Golden Fruit

Shortly after arriving in Auckland I discovered that bananas are abundant and cheap here, evidently New Zealand has no problem importing them from South America. Such a lovely sweet yellow fruit, I have sorely missed them since Cyclone Larry blasted our banana crops. To think they have been here all this time, a mere three hour flight over the pacific.

I went to the zoo today and encountered a number of animals I had never seen before, including the wanker monkey (pictures removed for the children). This fellow was happily twiddling his tiny pink penis for the crowd, as well as letting his pals finger his arsehole, before he turned his back to us and jerked off into the bushes.

I wondered whether he considered this to be all just part of his show. Kind of like the simian GG Allin.
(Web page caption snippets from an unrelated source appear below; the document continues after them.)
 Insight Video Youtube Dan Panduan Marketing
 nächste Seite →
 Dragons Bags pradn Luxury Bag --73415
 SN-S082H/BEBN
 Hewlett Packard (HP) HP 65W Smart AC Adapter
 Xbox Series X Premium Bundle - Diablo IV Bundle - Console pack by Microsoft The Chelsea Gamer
He had been watching his pals doing standard monkey stuff for the crowd, and thought “fuck this, let’s give these cunts a show they won’t forget”. Or maybe he is just an old jaded monkey, sitting there on his log playing with his dick thinking to himself “Ohh well, another day another banana”. Stupid bloody monkey doesn’t know how good he has it. I have been craving bananas so much since the Cyclone; I would have happily masturbated in public for them.

  1. I read an article some time ago – can’t remember where ( perhaps? ) – so I’ll paraphrase.
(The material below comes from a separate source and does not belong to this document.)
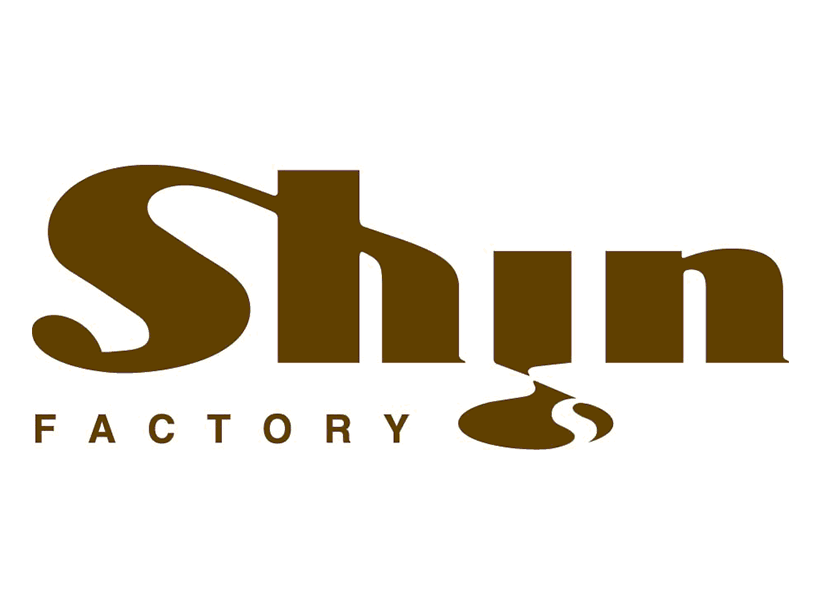 FACTORY-SHIN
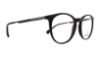 Picture of Brooks Brothers Eyeglasses BB2041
    Everyone says they love the monkeys at the zoo. People say stuff like ‘They’re so cute. I could watch them for hours!’ But if you stand by the monkey enclosure and observe the visitors, people hang around for a couple of minutes at most then move on.
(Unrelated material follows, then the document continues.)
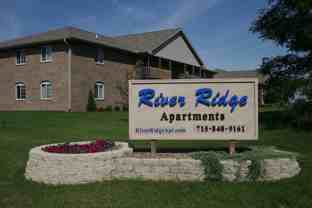 Riverbend Properties LLC - Photo 1 of 1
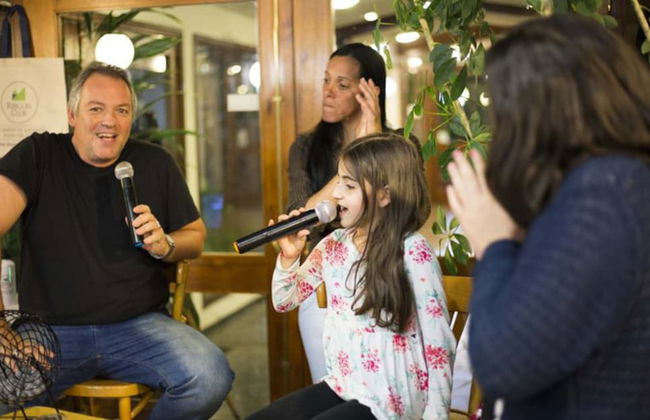 Rincon del Este Resort - Photo 77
    The reason people don’t stick around the monkey cage (the argument went) is that monkeys aren’t cute, they’re just unrestrained. They’re us without any kind of social veneer. They just express all their animal desires in actions instantly, selfishly and without any kind of self control at all. They lack some kind of module for self-regulation that we have. They wank, they piss, they screech and hoot, fight, and generally behave like, well, monkeys.
    So people think they like monkeys more than they actually do.